Now, that I have established the basics in comparative law methodology, it is time to bring everything together. Therefore, in this post, I will illustrate what steps a comparative law study should follow.
Preliminary Step: Determine the Scope
Typical questions to ask are: How far shall the comparison go? Shall it encompass all legal systems of the world or only a subset of them? Shall it compare a whole legal systems or only specific legal issues? There is no given answer as to which scope to choose. It all depends on your personal strategic goals and resources.
First Step: Get a Concept
Typical questions to ask are: Shall the comparison be intra- or cross-cultural? What legal aspects are to be compared: structures, institutions, functions? At this point, I would also decide what comparative methodology to apply, i.e. functionalism, comparative law and economics, comparative cultures, or a combination thereof.
Second Step: Describe the Data
Now is the moment to compile factual research. Again, it is a matter of personal choice whether to focus on hard facts (e.g. norms) or soft issues (e.g. socio-economic problems). At this point, however, a proper classification is indispensable.

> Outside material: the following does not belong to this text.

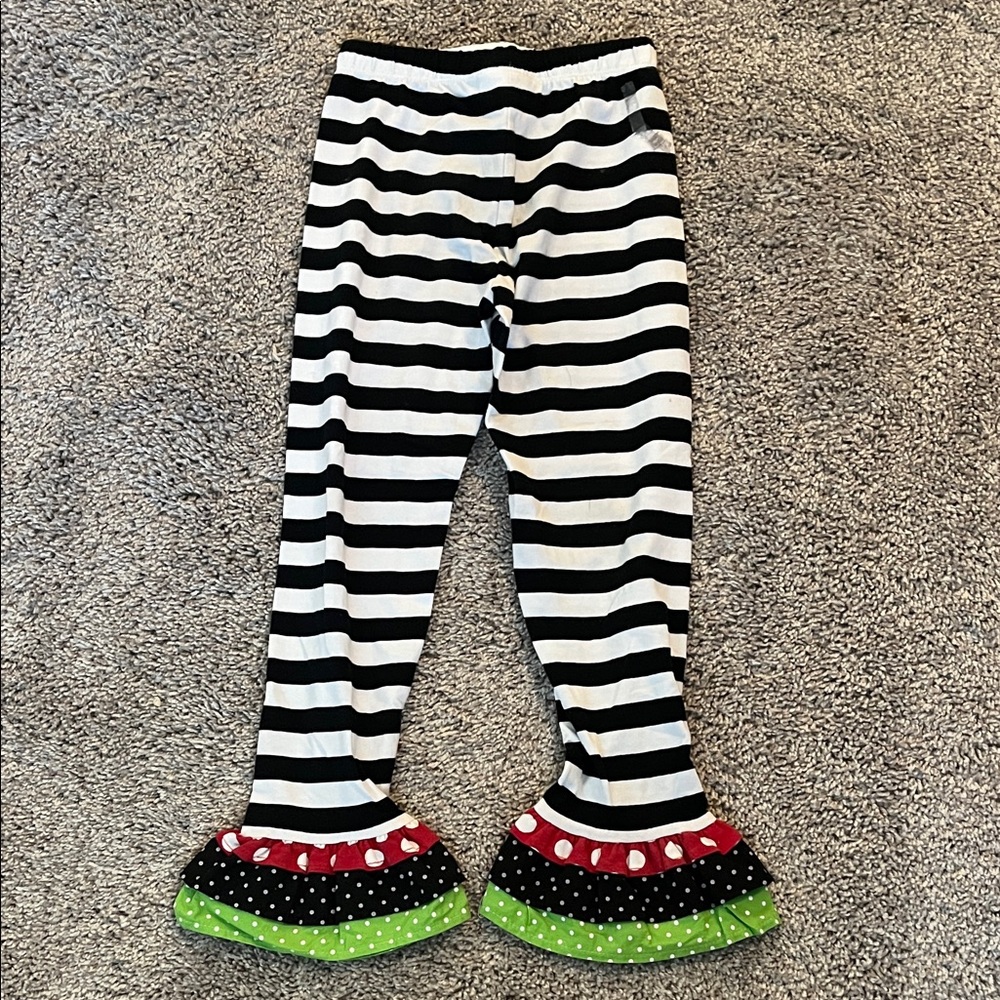 Rare Editions Black and White Striped Leggings with Red and Green Ruffles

Third Step: Identify Similarities/Differences
Based on the data gathered during the previous step, one can now juxtapose all the similarities and differences found in step two.
Fourth Step: Explain Similarities/Differences
This phase probably depends most on the exact methodology chosen for the comparative work.
Fifth Step: Confirm the Theory
The final step of a comparative study should consist of some generalized statement. Usually, such a statement will formulate a suggestion for improvement or it would demonstrate the general applicability of the study.
Esin Örücü, Methodology of comparative law, in ELGAR ENCYCLOPEDIA OF COMPARATIVE LAW 442-454 (Jan M. Smits 2006).